In some places, the oak forests have been destroyed by human activity, turning them into maquis shrubland. In these areas, the typical maquis species are accompanied by ruderal species such as Centaurea calcitrapa (var. calcitrapa), Crepis vesicaria, Plantago lanceolata, Psorolea bituminosa, Euphorbia amygdaloides (var. amygdaloides), Malva sylvestris, Cirsium italicum, Dactylis glomerata (subspecies hispanica), and Hypericum perforatum. Because of the low tree cover, there is thick growth of grassy plants, and a high diversity of species. The predominant species is Lolium perenne.

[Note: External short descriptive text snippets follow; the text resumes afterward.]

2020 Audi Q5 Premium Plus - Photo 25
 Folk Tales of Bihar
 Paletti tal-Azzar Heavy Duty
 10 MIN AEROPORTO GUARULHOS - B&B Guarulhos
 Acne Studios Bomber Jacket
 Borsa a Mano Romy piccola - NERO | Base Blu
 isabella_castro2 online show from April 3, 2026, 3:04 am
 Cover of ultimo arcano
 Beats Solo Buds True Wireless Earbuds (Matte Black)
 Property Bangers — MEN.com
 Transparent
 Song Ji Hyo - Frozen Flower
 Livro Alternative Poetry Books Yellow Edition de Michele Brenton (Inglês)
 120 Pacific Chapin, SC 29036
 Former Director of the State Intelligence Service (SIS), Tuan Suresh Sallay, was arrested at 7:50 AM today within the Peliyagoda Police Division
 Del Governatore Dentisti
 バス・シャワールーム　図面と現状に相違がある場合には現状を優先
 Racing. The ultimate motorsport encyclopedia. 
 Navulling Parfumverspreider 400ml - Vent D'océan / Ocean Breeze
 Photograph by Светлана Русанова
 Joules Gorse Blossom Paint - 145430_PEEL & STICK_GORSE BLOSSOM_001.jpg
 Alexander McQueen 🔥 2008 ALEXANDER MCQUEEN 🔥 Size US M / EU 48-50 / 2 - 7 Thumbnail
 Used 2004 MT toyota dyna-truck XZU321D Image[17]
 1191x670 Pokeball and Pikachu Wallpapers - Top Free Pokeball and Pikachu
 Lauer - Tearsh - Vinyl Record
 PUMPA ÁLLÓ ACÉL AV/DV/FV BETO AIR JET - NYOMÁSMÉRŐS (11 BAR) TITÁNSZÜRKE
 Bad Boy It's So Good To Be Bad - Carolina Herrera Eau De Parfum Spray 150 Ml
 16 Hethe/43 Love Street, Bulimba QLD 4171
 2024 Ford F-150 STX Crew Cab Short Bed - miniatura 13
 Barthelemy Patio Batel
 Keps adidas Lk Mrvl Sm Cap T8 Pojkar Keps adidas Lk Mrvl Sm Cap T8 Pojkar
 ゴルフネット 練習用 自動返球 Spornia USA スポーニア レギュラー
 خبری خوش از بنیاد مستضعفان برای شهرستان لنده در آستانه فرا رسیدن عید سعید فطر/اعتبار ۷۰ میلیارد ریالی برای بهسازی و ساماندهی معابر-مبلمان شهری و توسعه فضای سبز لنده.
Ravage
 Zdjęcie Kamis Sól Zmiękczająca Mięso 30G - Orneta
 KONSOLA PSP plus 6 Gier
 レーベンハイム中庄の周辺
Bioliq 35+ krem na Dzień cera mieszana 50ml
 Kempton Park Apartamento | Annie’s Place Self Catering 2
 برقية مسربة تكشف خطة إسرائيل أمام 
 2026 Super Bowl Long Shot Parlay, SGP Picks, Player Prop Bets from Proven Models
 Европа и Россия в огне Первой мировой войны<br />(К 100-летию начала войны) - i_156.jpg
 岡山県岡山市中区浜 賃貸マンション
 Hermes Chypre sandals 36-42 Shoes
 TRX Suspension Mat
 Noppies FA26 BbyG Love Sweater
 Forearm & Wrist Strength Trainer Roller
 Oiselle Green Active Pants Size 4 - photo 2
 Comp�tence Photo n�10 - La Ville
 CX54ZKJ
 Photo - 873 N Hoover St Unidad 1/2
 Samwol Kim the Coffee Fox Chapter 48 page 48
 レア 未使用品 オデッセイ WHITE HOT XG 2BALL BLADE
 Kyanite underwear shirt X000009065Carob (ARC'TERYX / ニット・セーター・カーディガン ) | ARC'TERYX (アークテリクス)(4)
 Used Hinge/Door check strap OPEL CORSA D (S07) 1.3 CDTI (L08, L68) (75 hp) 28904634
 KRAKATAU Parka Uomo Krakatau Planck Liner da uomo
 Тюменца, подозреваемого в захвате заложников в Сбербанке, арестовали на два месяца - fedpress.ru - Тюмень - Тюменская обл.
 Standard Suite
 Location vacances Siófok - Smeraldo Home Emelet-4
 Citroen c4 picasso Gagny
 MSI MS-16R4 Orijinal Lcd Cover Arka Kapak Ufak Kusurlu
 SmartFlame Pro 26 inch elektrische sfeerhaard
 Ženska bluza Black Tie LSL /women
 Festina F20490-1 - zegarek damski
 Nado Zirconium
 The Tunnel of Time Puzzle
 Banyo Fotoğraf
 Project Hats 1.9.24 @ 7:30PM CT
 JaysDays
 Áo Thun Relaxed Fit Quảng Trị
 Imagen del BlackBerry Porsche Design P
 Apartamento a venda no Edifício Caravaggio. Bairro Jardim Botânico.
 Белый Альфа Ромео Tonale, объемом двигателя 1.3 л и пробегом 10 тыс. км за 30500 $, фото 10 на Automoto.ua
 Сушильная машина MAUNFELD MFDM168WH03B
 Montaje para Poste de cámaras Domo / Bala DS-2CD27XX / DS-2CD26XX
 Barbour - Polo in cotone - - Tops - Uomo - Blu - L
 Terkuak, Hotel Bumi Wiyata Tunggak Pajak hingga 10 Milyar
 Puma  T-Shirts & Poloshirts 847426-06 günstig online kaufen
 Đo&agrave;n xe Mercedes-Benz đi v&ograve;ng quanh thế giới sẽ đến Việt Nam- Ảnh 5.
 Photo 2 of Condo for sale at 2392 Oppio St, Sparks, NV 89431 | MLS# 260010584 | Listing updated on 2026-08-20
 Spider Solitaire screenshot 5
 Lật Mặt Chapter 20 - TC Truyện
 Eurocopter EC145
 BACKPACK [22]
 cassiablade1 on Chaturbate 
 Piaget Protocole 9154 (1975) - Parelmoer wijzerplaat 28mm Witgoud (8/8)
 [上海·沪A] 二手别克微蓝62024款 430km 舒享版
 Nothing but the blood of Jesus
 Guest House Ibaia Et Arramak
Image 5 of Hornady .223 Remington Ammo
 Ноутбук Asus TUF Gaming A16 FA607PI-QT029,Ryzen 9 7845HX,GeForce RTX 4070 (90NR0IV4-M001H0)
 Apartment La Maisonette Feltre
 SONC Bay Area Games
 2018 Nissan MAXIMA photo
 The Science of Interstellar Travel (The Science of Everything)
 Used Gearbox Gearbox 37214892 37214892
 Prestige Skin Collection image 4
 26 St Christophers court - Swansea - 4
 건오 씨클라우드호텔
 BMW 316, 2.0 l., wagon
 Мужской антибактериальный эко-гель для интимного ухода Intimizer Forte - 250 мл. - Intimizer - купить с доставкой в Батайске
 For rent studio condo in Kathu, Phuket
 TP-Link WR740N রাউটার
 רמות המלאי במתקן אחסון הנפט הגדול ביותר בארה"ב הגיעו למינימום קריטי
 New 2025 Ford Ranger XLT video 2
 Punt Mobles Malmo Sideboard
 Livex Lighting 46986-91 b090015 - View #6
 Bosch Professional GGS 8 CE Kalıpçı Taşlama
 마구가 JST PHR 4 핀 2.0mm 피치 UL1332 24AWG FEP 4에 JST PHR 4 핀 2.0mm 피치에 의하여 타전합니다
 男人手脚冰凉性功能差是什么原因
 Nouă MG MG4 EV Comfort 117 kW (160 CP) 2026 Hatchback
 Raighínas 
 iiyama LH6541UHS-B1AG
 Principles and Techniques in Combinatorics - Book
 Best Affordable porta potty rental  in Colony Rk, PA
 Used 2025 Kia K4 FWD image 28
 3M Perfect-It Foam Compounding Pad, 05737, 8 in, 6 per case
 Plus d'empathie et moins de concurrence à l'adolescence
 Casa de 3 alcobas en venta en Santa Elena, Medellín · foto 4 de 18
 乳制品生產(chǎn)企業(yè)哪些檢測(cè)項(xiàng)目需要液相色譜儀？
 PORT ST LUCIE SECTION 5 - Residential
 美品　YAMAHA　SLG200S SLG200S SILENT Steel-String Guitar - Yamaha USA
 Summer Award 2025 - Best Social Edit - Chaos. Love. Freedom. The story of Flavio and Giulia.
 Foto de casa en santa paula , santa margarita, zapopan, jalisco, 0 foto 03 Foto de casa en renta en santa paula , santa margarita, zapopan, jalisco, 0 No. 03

==== Hornbeam forests ====
Forests predominated by Carpinus orientalis, the eastern hornbeam, are less common on Mount Ganos than oak forests. Other tree species mixed in include Acer campestre (subspecies campestre), Fraxinus ornus, and Quercus robur (subspecies robur). The tree and shrub cover in these hornbeam forests is extensive, which inhibits growth of herbaceous plants below. The predominant species of this layer is Torilis arvensis. Other species include Anthemis cretica, Cirsium baytopae, Digitalis lanata, Melilotus alba, Onopordum tauricum, and Raphanus rapistrum.

==== Linden forests ====
Locally, there are patches of forest where the main species is Tilia argentea, the silver linden. These grow in brown forest soils on bedrock containing a mixture of sandstone, claystone, and siltstone. The lindens are mixed in with oak, ash, and hornbeam trees. Shrubs include Ligustrum vulgare, Rosa canina, Rubus hirtus, and Smilax excelsa, but their coverage rate is relatively low, allowing herbaceous plants to grow in the understory. The dominant herbaceous plant species is Ranunculus constantinopolitanus; other common species include Anthemis cretica, Brachypodium sylvaticum, Centaurea calcitrapa (var. calcitrapa), Cynosurus echinatus, Euphorbia helioscopia, Geraniaum molle, Hypericum bithynicum, Lolium perenne, Poa trivialis, and Trifolium campestre. Asperula tenella and Cardamine pratensis are more rarely seen.